Per poter contare su un insieme di informazioni utili a valutare in maniera più completa l’effettiva applicazione della parità di genere e l’assenza di discriminazione nella nuova accezione, la norma interviene sotto due principali profili: l’ampliamento della platea delle aziende per le quali è previsto l’obbligo di presentare un rapporto con cadenza biennale sulla situazione del personale maschile e femminile; il numero e la natura delle indicazioni e informazioni che il rapporto deve contenere. Con riferimento al primo aspetto, sono destinatarie tutte le società che occupano oltre 50 dipendenti, e non più solo quelle con oltre 100 dipendenti. Sui contenuti del rapporto periodico, fermo restando le ulteriori indicazioni che saranno espressamente previste dai decreti attuativi, è specificato che ciascun datore di lavoro debba indicare il numero dei lavoratori occupati di sesso femminile e di sesso maschile, il numero delle risorse in stato di gravidanza, i lavoratori di entrambi i sessi eventualmente assunti nell’anno, le differenze tra le retribuzioni iniziali, l’inquadramento contrattuale e la funzione svolta da ciascun lavoratore occupato. Inoltre, il rapporto periodico deve contenere le informazioni sui processi di reclutamento e selezione, sulle procedure utilizzate per l’accesso alla qualificazione professionale e alla formazione manageriale, sugli strumenti e sulle misure resi disponibili per promuovere la conciliazione dei tempi di vita e di lavoro, sulla presenza di politiche aziendali a garanzia di un ambiente di lavoro inclusivo e rispettoso e sui criteri adottati per le progressioni di carriera.In un’ottica di sempre maggiore trasparenza, inoltre, il disegno di legge prevede che sul sito internet del ministero del Lavoro sia pubblicato l’elenco delle società che hanno trasmesso il rapporto periodico e quello delle aziende che non lo hanno presentato.

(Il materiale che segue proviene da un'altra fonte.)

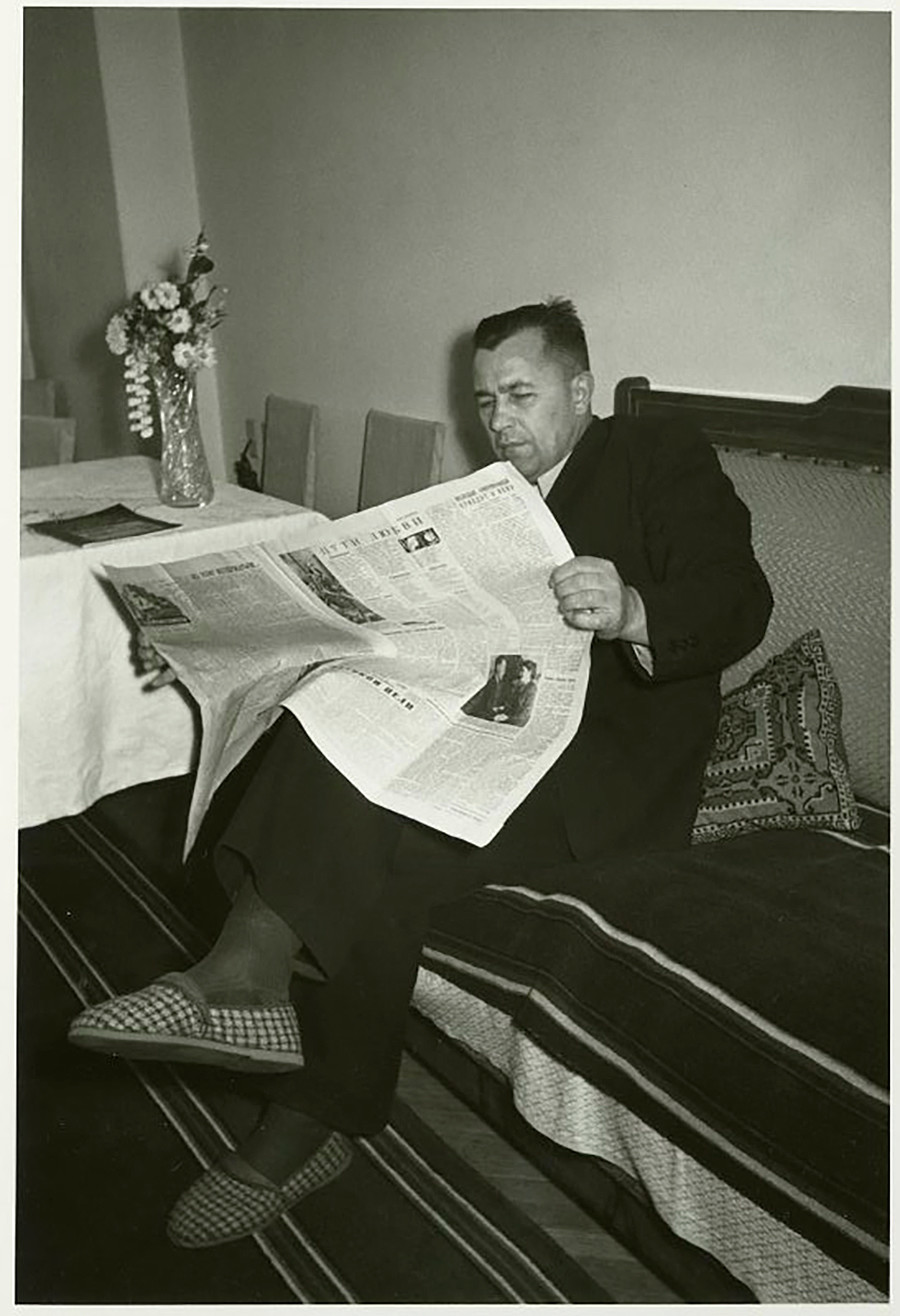 「グドーク」紙を読む。1957年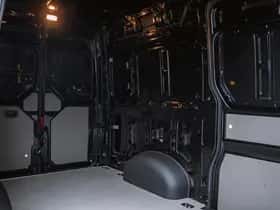 Volkswagen Crafter (2024) thumbnail 9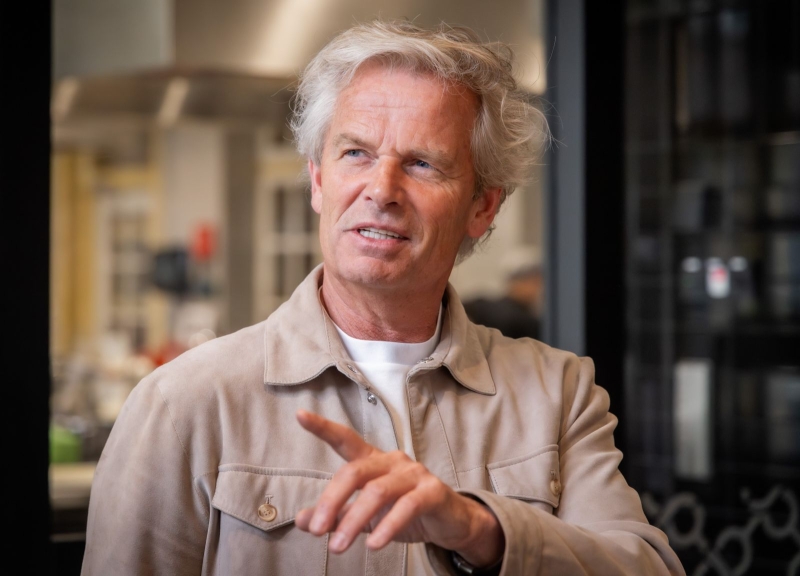 Portretfoto van oud-student Bob Hutten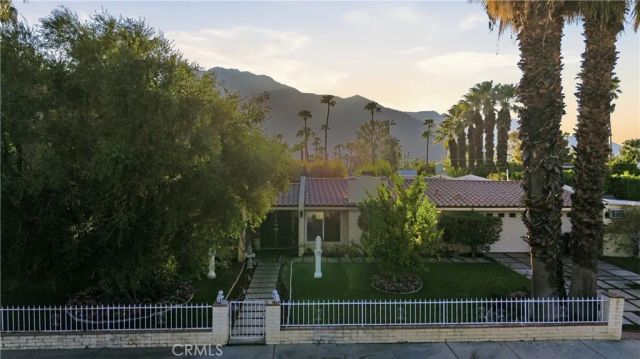433 N Orchid Tree, Palm Springs, CA 92262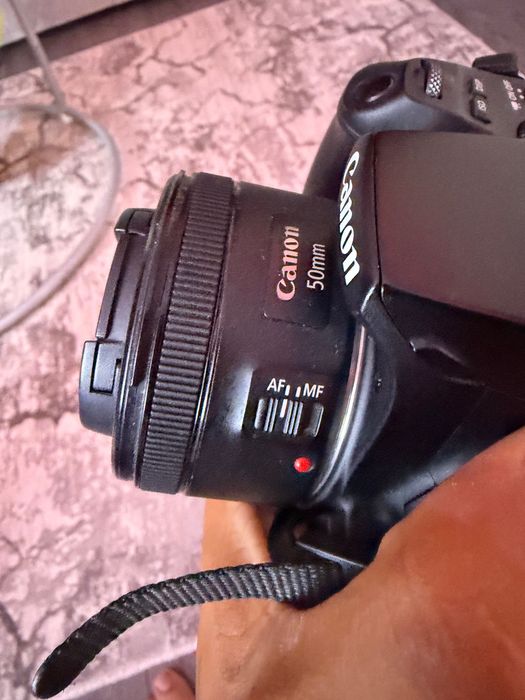 Фотоапарт Canon 250D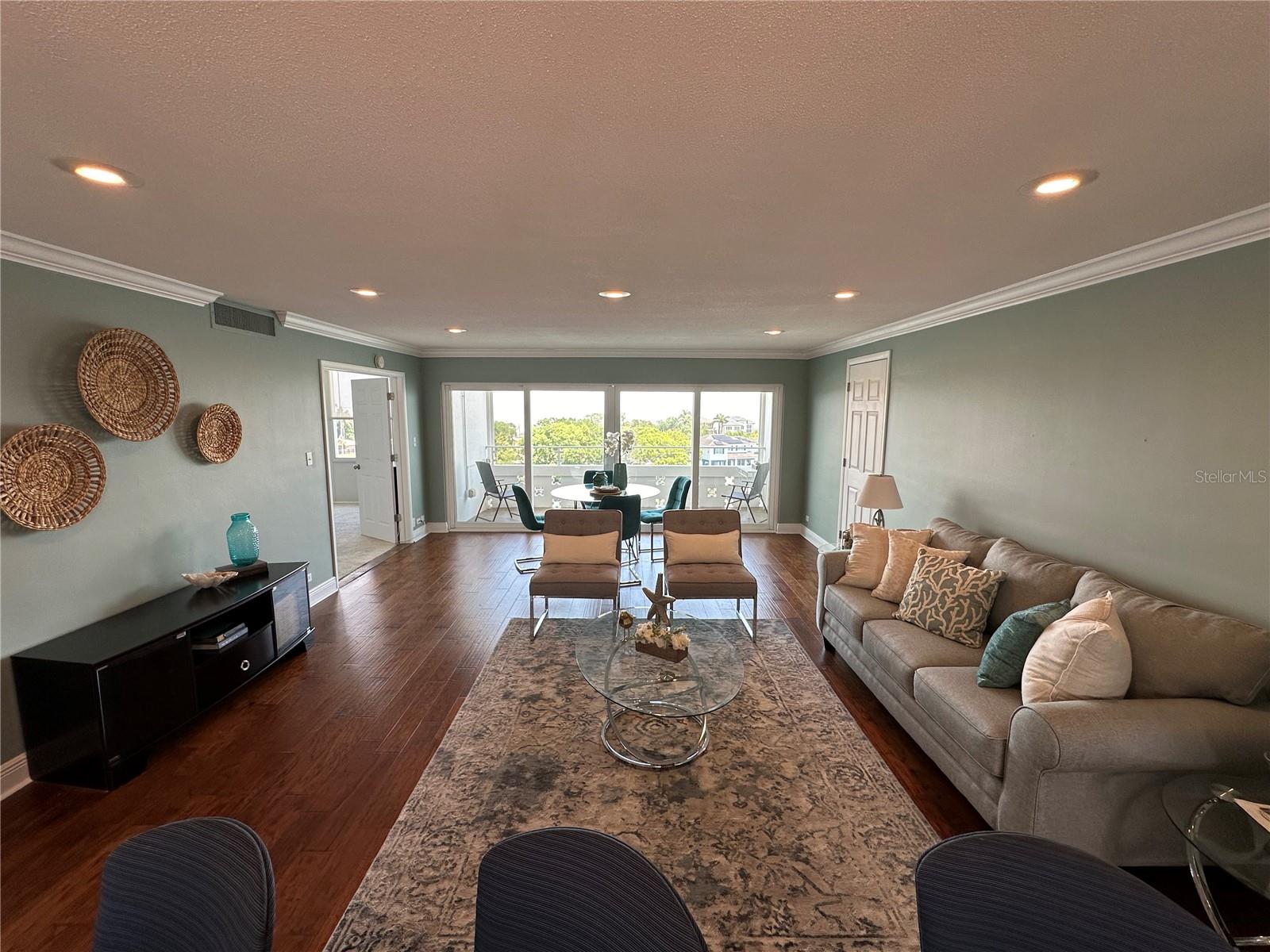 Image 21 of 26 For 1365 Snell Isle Boulevard Ne 6e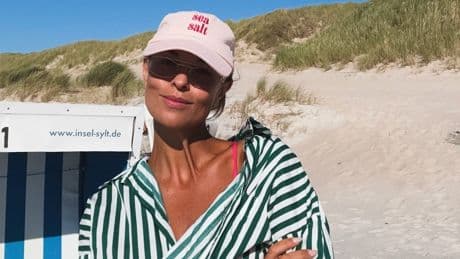 Vor Bundesliga-Start - So schön grüßt Laura Wontorra von Nordsee-Insel
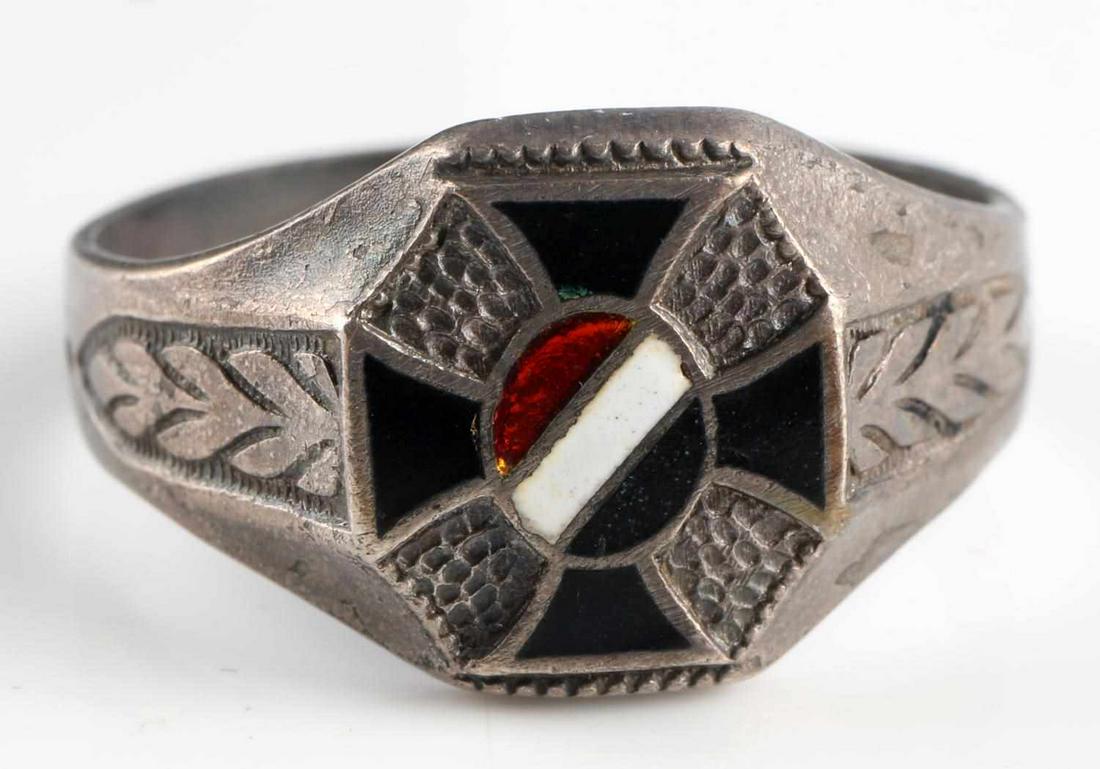 GERMAN WWI IRON CROSS WINNER SILVER RING: Size 11. "800" mark. Good overall condition. Deemed authentic according to terms. This lot has a reserve.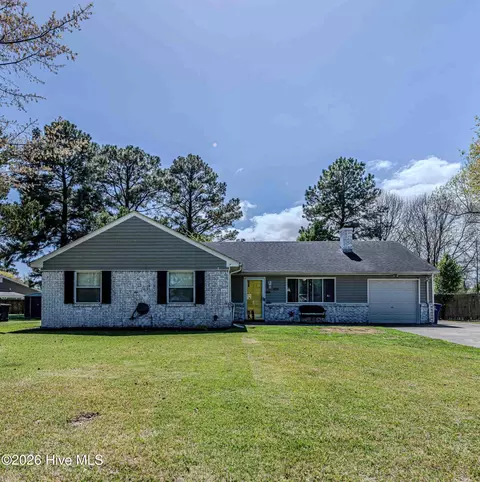 408 Cardinal Rd, Jacksonville, NC 28546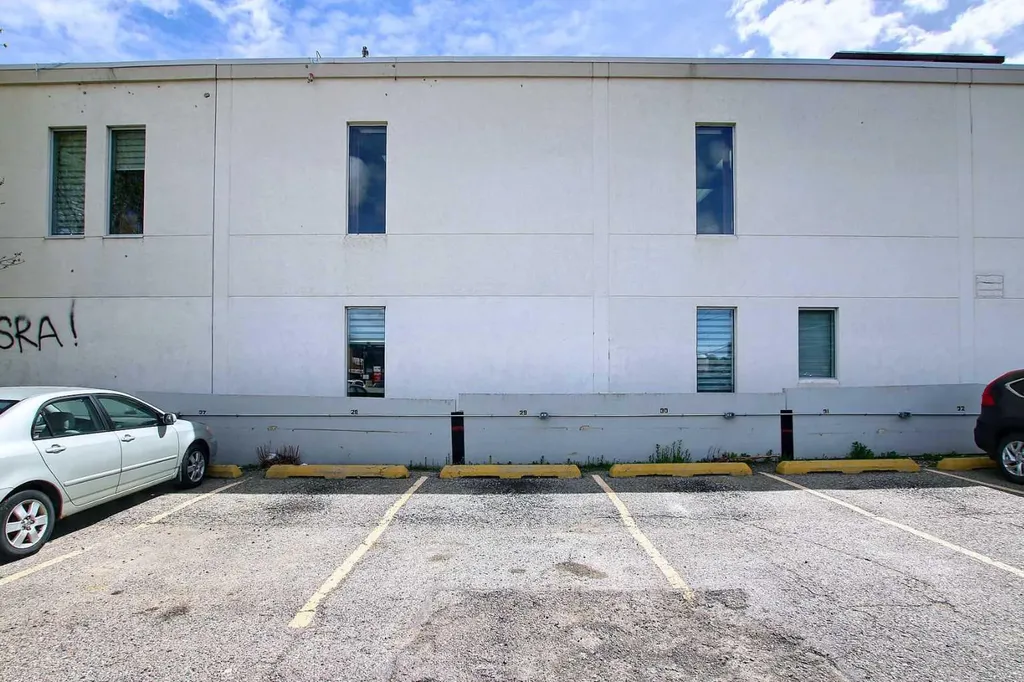 1320 12 Avenue SW Calgary AB T3C3R6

La certificazione della parità di genere

Con l’obiettivo di attestare le politiche e le misure concrete adottate dai datori di lavoro per ridurre il divario di genere in relazione alle opportunità di crescita in azienda, alla parità salariale a parità di mansioni, alle politiche di gestione delle differenze di genere e alla tutela della maternità, il provvedimento prevede anche che a decorrere dal 1 gennaio 2022 sia istituita la certificazione della parità di genere.

Anche in questo caso, la definizione dei parametri per conseguire la certificazione e per il coinvolgimento delle rappresentanze sindacali aziendali nella relativa attività di verifica sono demandati a successivi Dpcm. Al riguardo, peraltro, è importante sottolineare che è stato previsto un meccanismo premiale in base al quale viene riconosciuto alle aziende certificate per l’anno 2022 uno sgravio contributivo in misura non superiore all’1% e nel limite massimo di 50mila euro annui, riparametrato e applicato su base mensile; per gli anni successivi l’agevolazione è subordinata al reperimento delle relative coperture.

La norma, infine, estende l’obbligo delle quote rosa – oggi previsto nei consigli di amministrazione delle società quotate - anche alle società a controllo pubblico, non quotate in mercati regolamentati.

Complessivamente le misure previste dal provvedimento risultano significative e l’auspicio è che siano pienamente confermate dai provvedimenti successivi di attuazione; ciò nonostante sia evidente la necessità di ulteriori interventi normativi volti a rendere effettiva la possibilità per le donne di entrare a pieno titolo nel mondo del lavoro.